Organizational Behavior and Human Decision Processes
Vol. 163, Pages 51-64
March 2021
Abstract
It is common for organizations to offer awards to motivate individual behavior, yet few empirical studies evaluate their effectiveness in the field. We report a randomized field experiment (N?=?15,329) that tests the impact of two common types of symbolic awards: pre-announced awards (prospective) and surprise awards (retrospective). The context is U.S. schools, where we explore how awards motivate student attendance. Contrary to our pre-registered hypotheses and organizational leaders’ expectations, the prospective awards did not on average improve behavior, and the retrospective awards decreased subsequent attendance. Moreover, we find a significant negative effect on attendance after prospective incentives were removed, which points to a crowding-out effect. Survey experiments probing the mechanisms suggest that awards may cause these unintended effects by inadvertently signaling that the target behavior (perfect attendance) is neither the social norm nor institutionally expected.
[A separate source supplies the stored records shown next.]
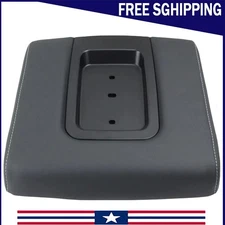 Fits For Silverado Sierra GMC 22881398 New Middle Seat Black Leather Armrest Lid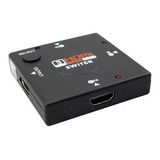 Adaptador Switch 3x1 Divisor 3 Portas Hdmi Para Tv Not Galax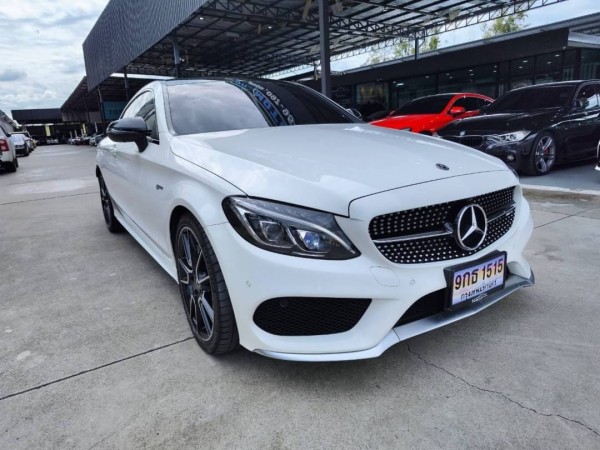 2018 Mercedes-Benz C-Class Coupe C43 AMG สีขาว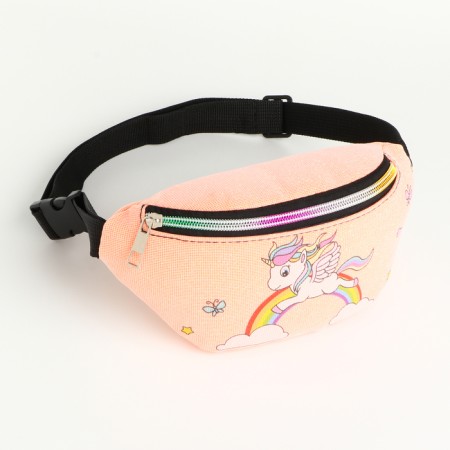 Board children's belt on lightning, color coral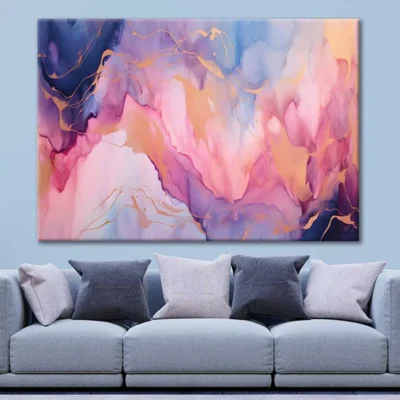 Abstract Colorful Hand Painted Alcohol Ink Print 100% Australian Made
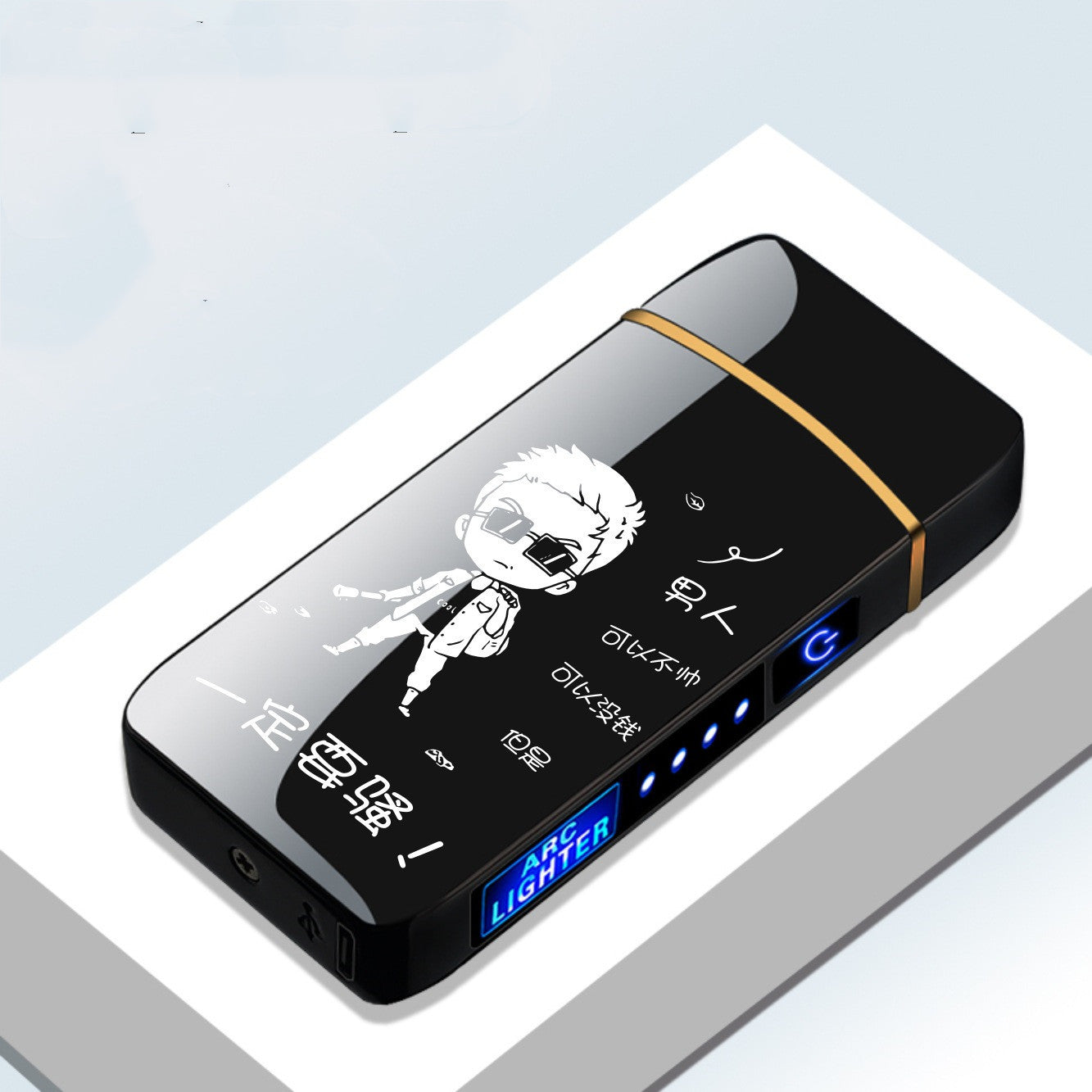 Fingerprint Sensor Unlocks The Charging Personality Of The Lighter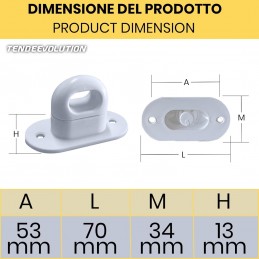 Fermo Cavallotto per Occhielli Ovali | Plastica o Zincato
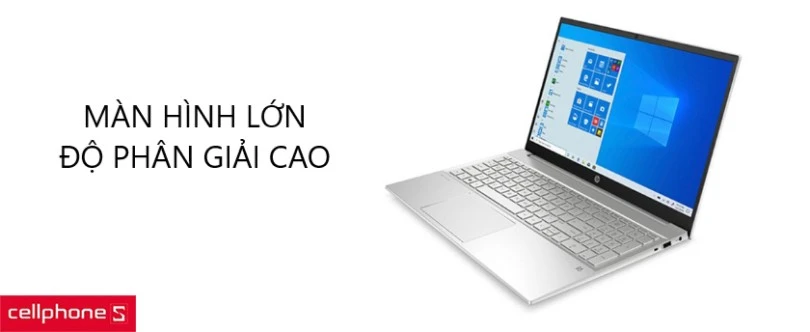 Màn hình đã mắt, bàn phím tiện dụng
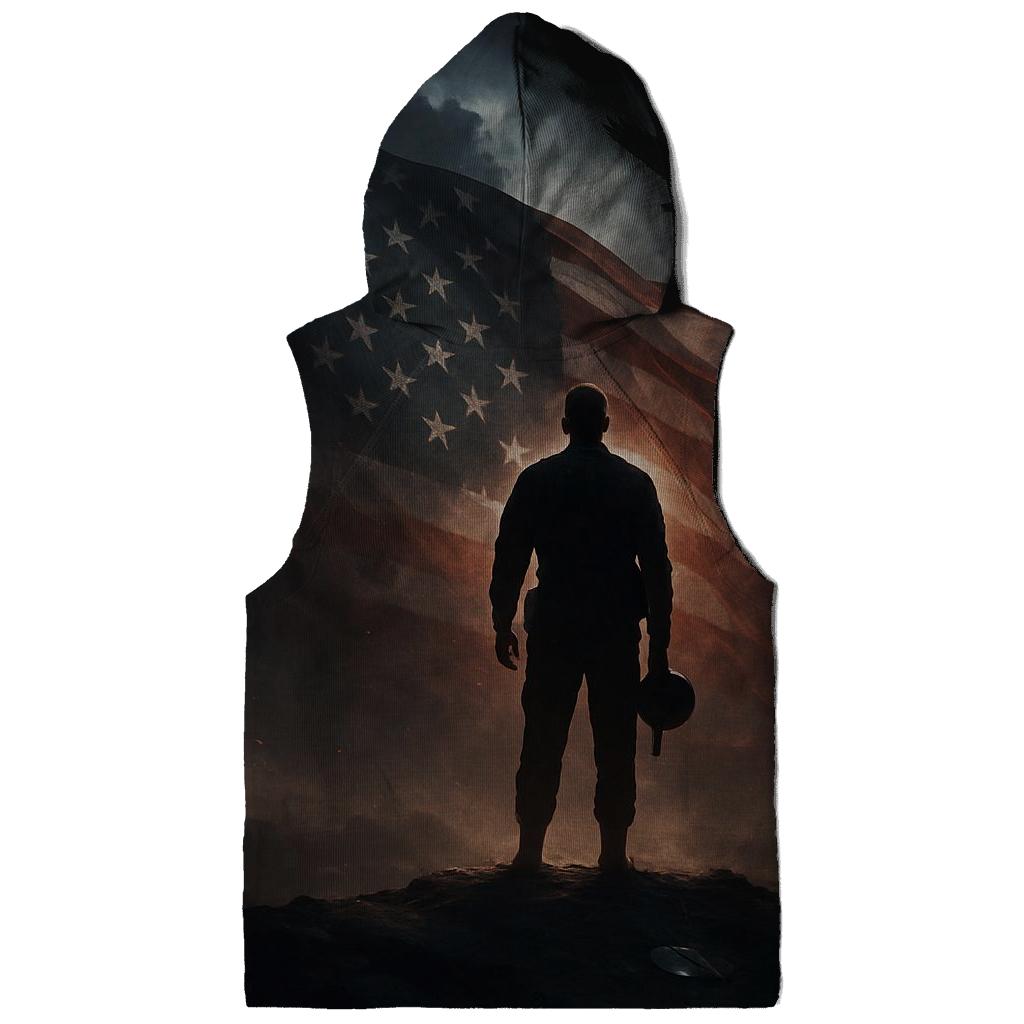 Midnight Watch Over Liberty printed hoodies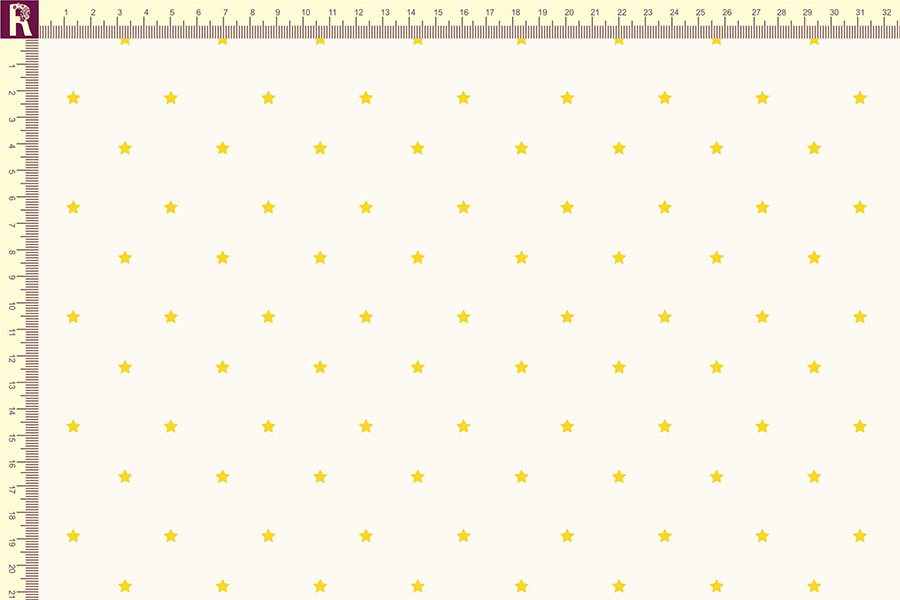 картинка Т106 звезды 0,5, молочный 9050а, желтый 9003 от компании Руткани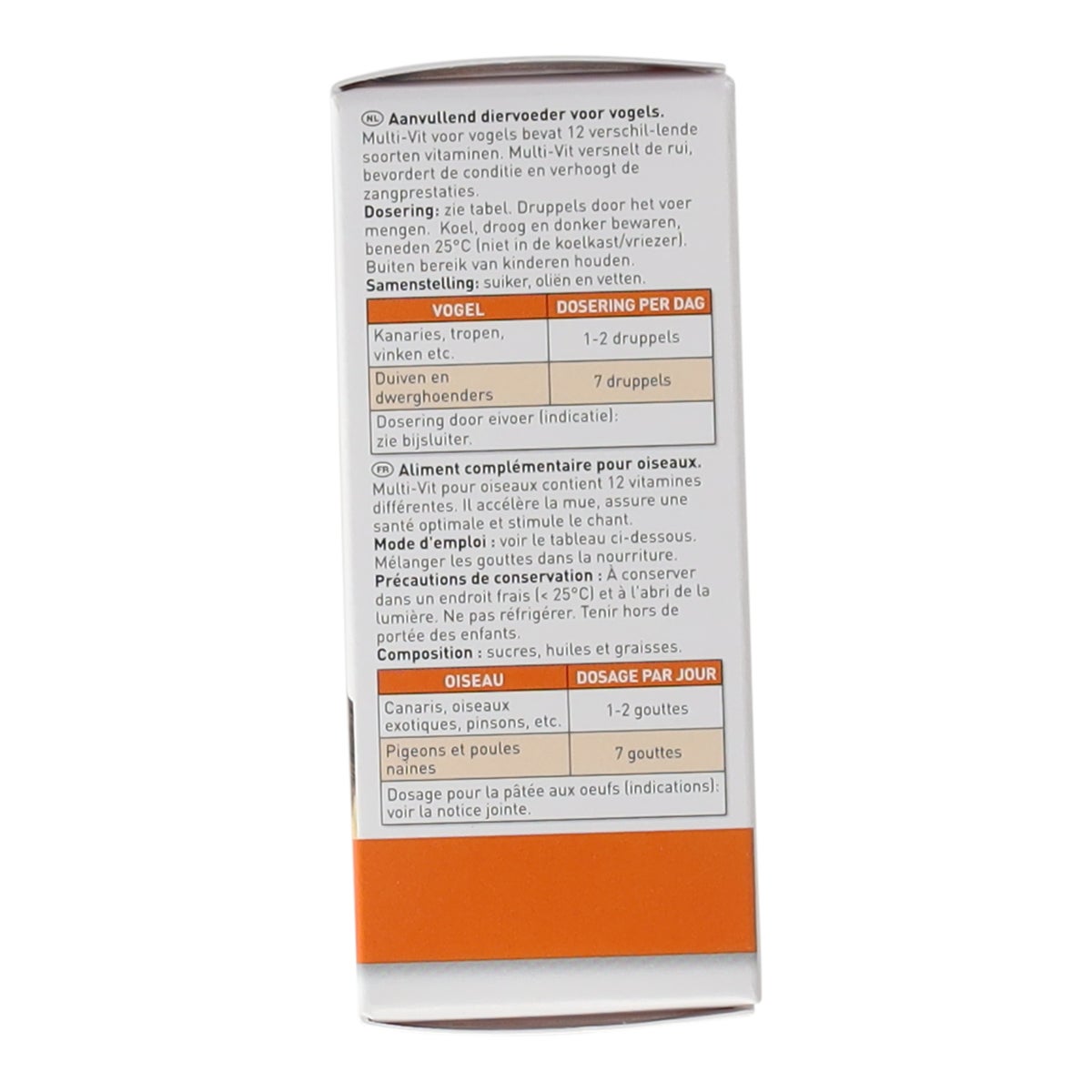 Multi-vitaminen vogel 20ml Beaphar Multi-vitaminen vogel 20ml Beaphar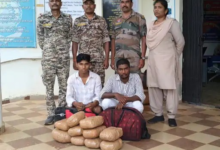 रायपुर ले जाई जा रही गांजे की खेप बरामद, बस्तर मार्ग पर पुलिस ने दो तस्करों को पकड़ा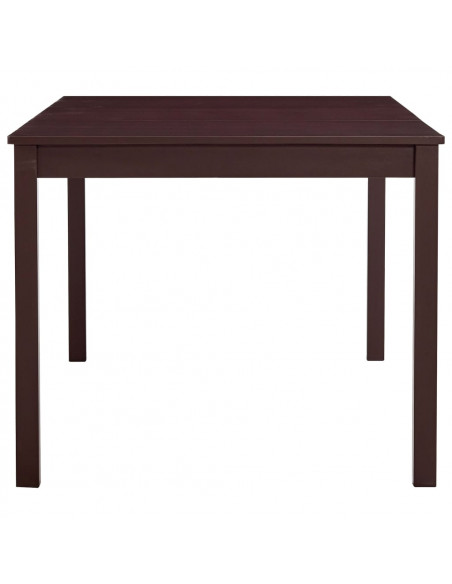 Tavolo da Pranzo Marrone Scuro 180x90x73 cm in Legno di Pino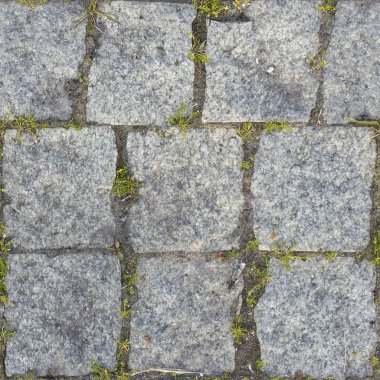 Beton causeway yol ve yeşil ot ile tasarımcılar için soyut seamless modeli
In addition, receiving the retrospective award suggests to recipients that they have already outperformed the norm and what was expected of them, hence licensing them to miss school. Exploratory analyses shed further light on differential effects of awards by age and performance.
Citation
Robinson, Carly D., Jana Gallus, Monica G. Lee, and Todd Rogers. "The demotivating effect (and unintended message) of awards." Organizational Behavior and Human Decision Processes 163 (March 2021): 51-64.